託宣が下りました。
番外編:カイとソラのカンケイ
「ソラさんはカイ様と仲がいいの?」

 サンミリオンに向かう馬車の中でアルテナが問うと、ソラは力いっぱい首を横に振った。

「仲よくない! カイは私をフッた!」
「え?」

 アルテナが目を見開いてカイを見る。

 カイは思い切りうつむいた。そうすると長く伸ばした前髪が顔を完全に隠してしまう。

「ソ、ソラさんはカイ様が好きなのね?」
「嫌い! 私をフッたから」
「……ええと。二人は以前からの知り合いよね……?」
「知り合い! お兄ちゃんの仲間だもん」
「そうよね。……で、結局、……どういうこと?」

 カイはうつむいたまま。ソラはぷいと顔をそむけてカイを見ない。

 そんな二人を交互に見つめてアルテナは首をかしげるが、ようするにこういうことだった。



 カイ・ロックハートはヴァイス・フォーライクの家族とも知り合いである。と言ってもカイが勇者の仲間になった三年前からの話だ。

 元々人間が苦手であるカイからすれば、無意味に活力にあふれたフォーライク家の人間は鬼門に等しい。そのためカイとしてはあまり近づきたくないのだが、ヴァイスはそんな事情などお構いなしである。

「カイ、今日ソラが家に一人なんだ。相手してやってくれ」
「は!?」
「頼んだぞ」
「ま、待って、ヴァイス……!」

 しかし聞く耳持たずのヴァイスは、あっという間にカイの部屋から姿を消してしまった。

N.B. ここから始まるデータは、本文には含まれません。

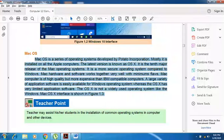Mac OS X is a more secure operating system compared to Windows. No virus, malware, or spyware can easily attack it. Mac hardware and software work together very well with minimum flaws. Mac computers are of high quality, but they are more expensive than IBM-compatible computers, which puts them out of reach for common users.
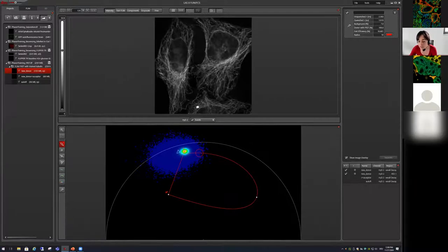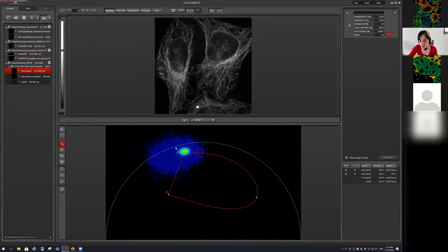Sample preparation is critical for FRET measurements. You need three different samples: donor-only, donor+acceptor (FRET), and autofluorescence. Lifetime depends strongly on microenvironment, so cells must be the same passage, same treatment, and same fixation protocol, because otherwise the three references won't match and you won't be able to build a reliable FRET trajectory. In live cells where FRET occurs over time this is easier because you often have an internal control, as with biosensors.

 一応、遊びにいったわけではない。彼は今日騎士として国の式典に出ることになっているのだ。いつもなら無視して遊びほうけているのだが、今回は『何が何でも出ろ、騎士の称号を剥奪するぞ』とのお達しがあった。それで渋々出向くことにしたらしい。

「はあ……」

 こちらの都合など考えない一方的な頼み。けれどカイはため息をつきながらも出かける支度を始めた。

 ヴァイスの末妹ソラはまだ十歳にもならない小さな女の子だ。一人きりで家にいるのはさぞかし寂しいだろう――そう考えてしまったカイは、苦労性っぷりでは勇者に勝るとも劣らないのであった。

 その苦労の大半は騎士に押しつけられたもののような気がしなくもないのだが。